• **Aim of the exercise**: Please reproduce the entries exactly as they appear below, but not the pictures.
+-------+
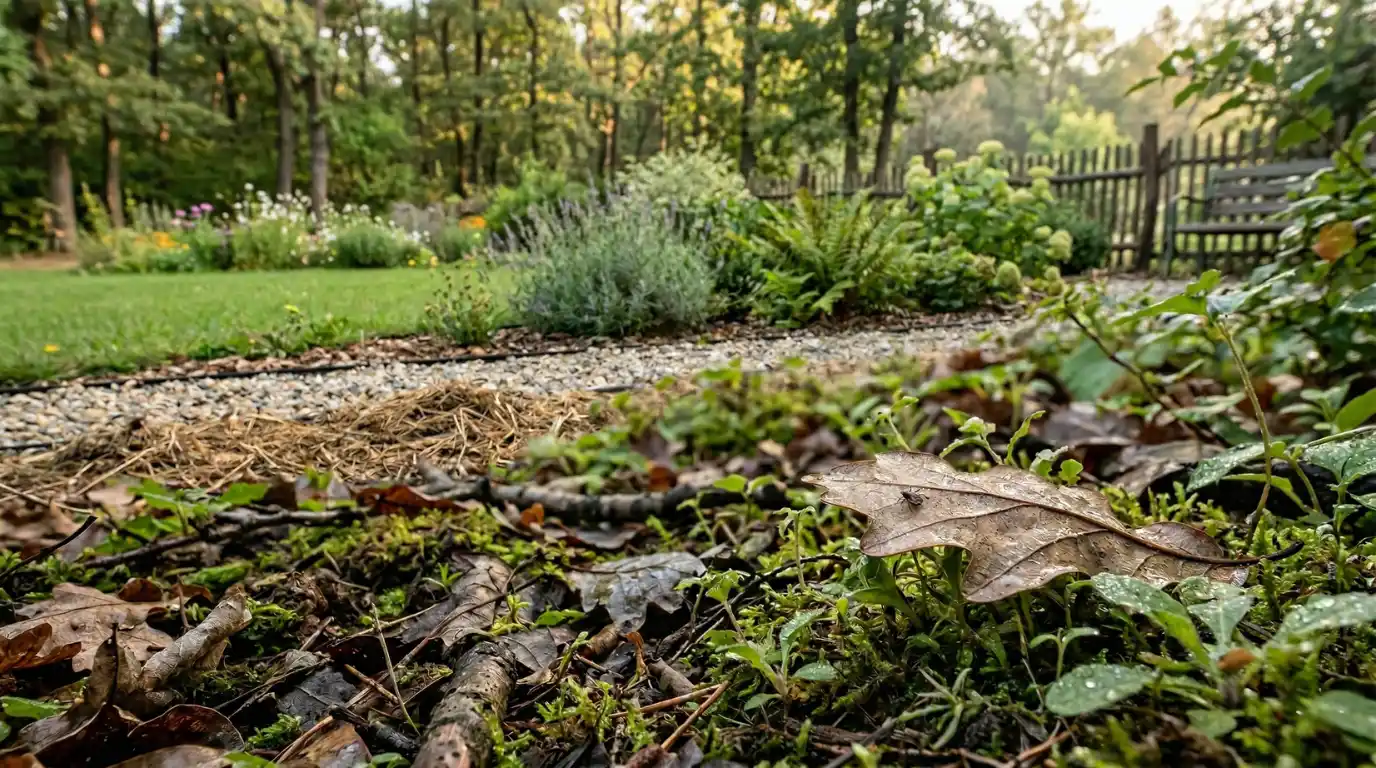 Kullancsirtás a kertbe - hogy kell hatékonyan?
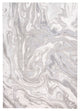 Weave & Wander Alexander Light Gray 10'x13'2" Rug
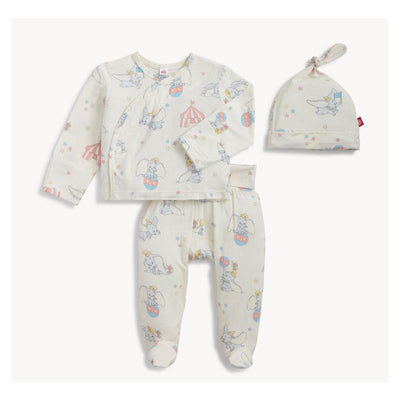 Magnetic Me Dumbo Circus Modal Magnetic Kimono Image 1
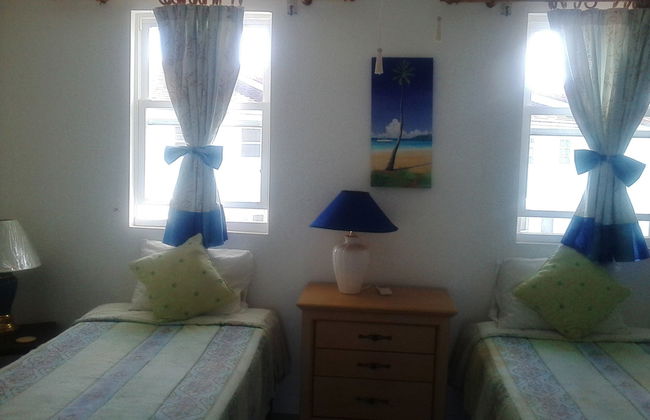 Villa 244C Jolly Harbour - Photo 3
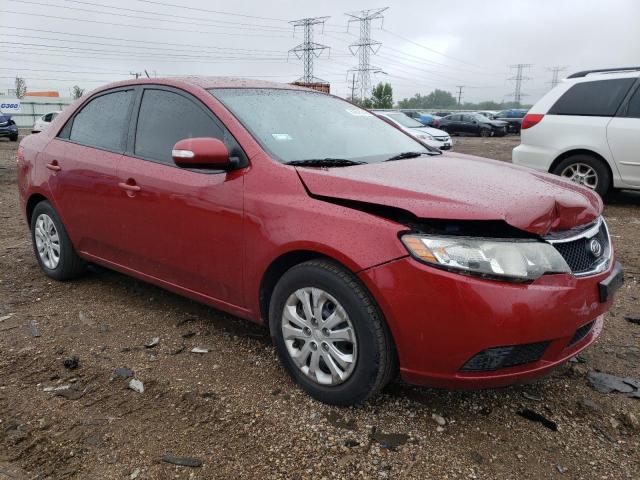 Photo 3 VIN: KNAFU4A22A5116985 - KIA FORTE EX 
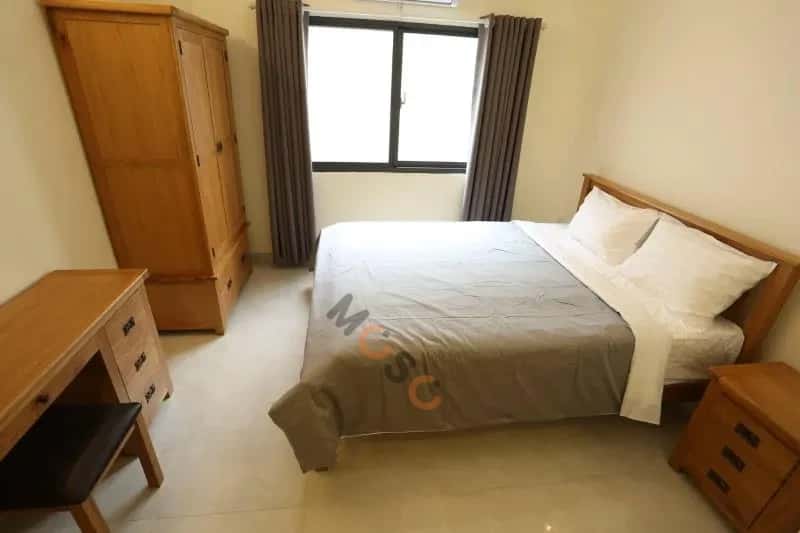 Cho thuê căn hộ chung cư Hẻm 304 Bùi Đình Túy Bình Thạnh, TP.HCM – 1 phòng ngủ, giá 9 triệu — Hình 3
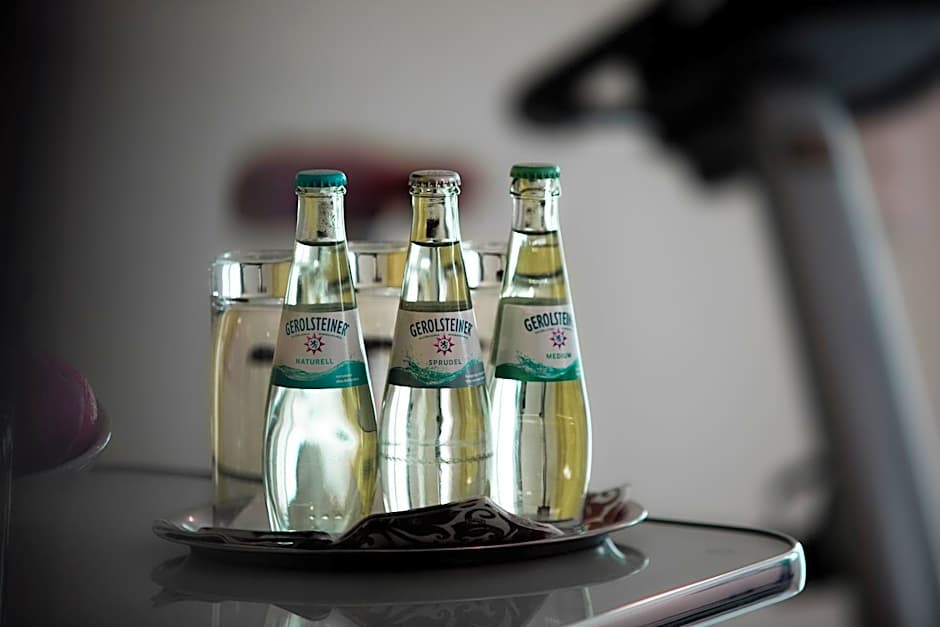 Hotel Restaurant Anna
+-------+
• **Written answer**:
 Kullancsirtás a kertbe - hogy kell hatékonyan?
 Weave & Wander Alexander Light Gray 10'x13'2" Rug
 Magnetic Me Dumbo Circus Modal Magnetic Kimono Image 1
 Villa 244C Jolly Harbour - Photo 3
 Photo 3 VIN: KNAFU4A22A5116985 - KIA FORTE EX 
 Cho thuê căn hộ chung cư Hẻm 304 Bùi Đình Túy Bình Thạnh, TP.HCM – 1 phòng ngủ, giá 9 triệu — Hình 3
 Hotel Restaurant Anna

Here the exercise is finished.